It is a common occurrence: a soon-to-be ex-spouse trying to dig himself out from a terrible contractual agreement signed before marriage. While it is wise for two people to thoroughly understand each other’s finances and ultimately execute a prenuptial agreement before they get married, it is also critical that they don’t sign away significant rights to assets and support that they may need later in their lives.

Here are five red flags to look for as you review your prenup—and before you sign.

There Is Not Enough Time To Carefully Review And Give Input
Timing is everything. If the prenup is arriving for your review and the wedding is imminent, this may be a sign that your future spouse or their family is trying to pressure you into signing a contract that you should not and would not have signed if your mind were clear and you didn’t have wedding plans looming.

Do not sign it immediately. Show it to an attorney. If the attorney advises you not to sign it, then don’t.

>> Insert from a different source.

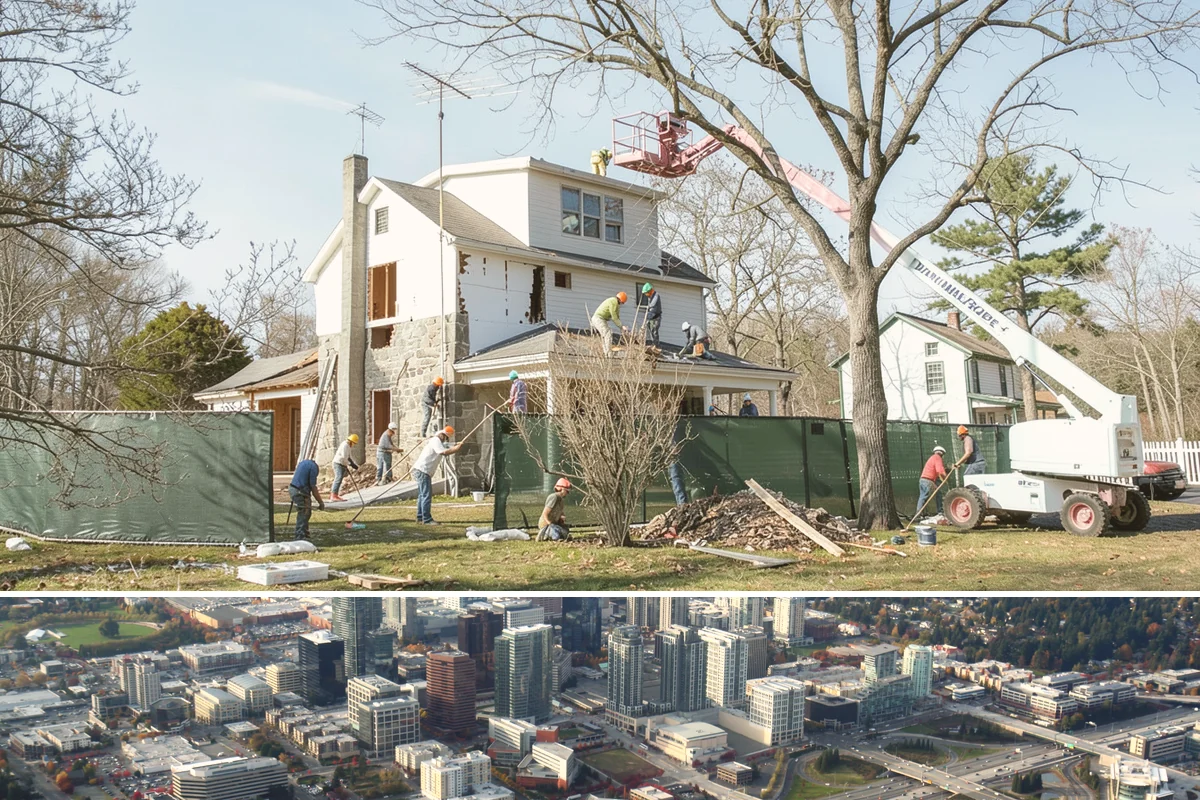 Below-Grade Waterproofing in Bellevue, King County, WA - Exterior below-grade work goes smoothest in the drier summer stretch when excavations stay stable, while interior methods can...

Get to the negotiating table and discuss the terms, even if it causes stress in that moment.

In other words, an unfair prenup does not guarantee a “happily ever after” just because it seems to make things happier right now.

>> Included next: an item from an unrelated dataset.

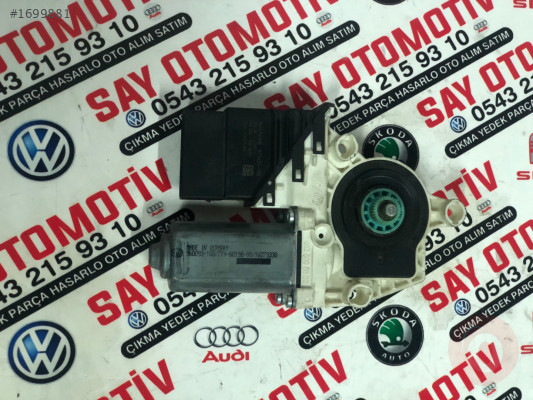 Jetta Passat sol arka cam motoru 3c0959703C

Spoken Words Are Not Aligned With What Is Written
“What’s mine is ours.” (Is it really?) Don’t presume what your partner is saying to you is reflected in the contract that your partner wants you to sign—unless it is. When someone generously says, “What is mine is ours,” that is wonderful. But as has been said before: “Trust but verify.” No matter what you have said to each other, if you sign a prenuptial agreement contrary to those statements, that prenup is all that will matter in the eyes of the court, if you ever end up there.

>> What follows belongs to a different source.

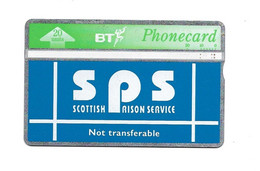 CARTE TELEPHONIQUE SPS SCOTTICH PRISON SERVICE - Andere - Amerika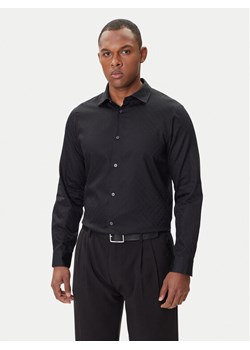 Armani Exchange Koszula XM001142 AF13131 FC022 Czarny Regular Fit ze sklepu MODIVO w kategorii Koszule męskie - zdjęcie 185521583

Actions are usually louder than words—except when the words are written in a fully and properly executed prenuptial agreement. In that case, the paper has the final say.

The Language Is Very Vague
To have a fair discussion about their prenuptial agreement, a couple must be honest and transparent about their assets, liabilities and income. To that end, you should both exchange financial documents, including personal financial statements, bank account information and income tax returns.

If you are reviewing a prenup that is vague and lacking in the financial detail department, or if your soon-to-be financial partner (which is what your future spouse is under the law) is less than eager to be transparent, you may need to have a very honest discussion with yourself about what you expect from your marriage. Then have a discussion with your partner.

And if you are already married and have discovered that you had little to no understanding of your spouse’s finances, it might be time to raise the issue of a post-nup.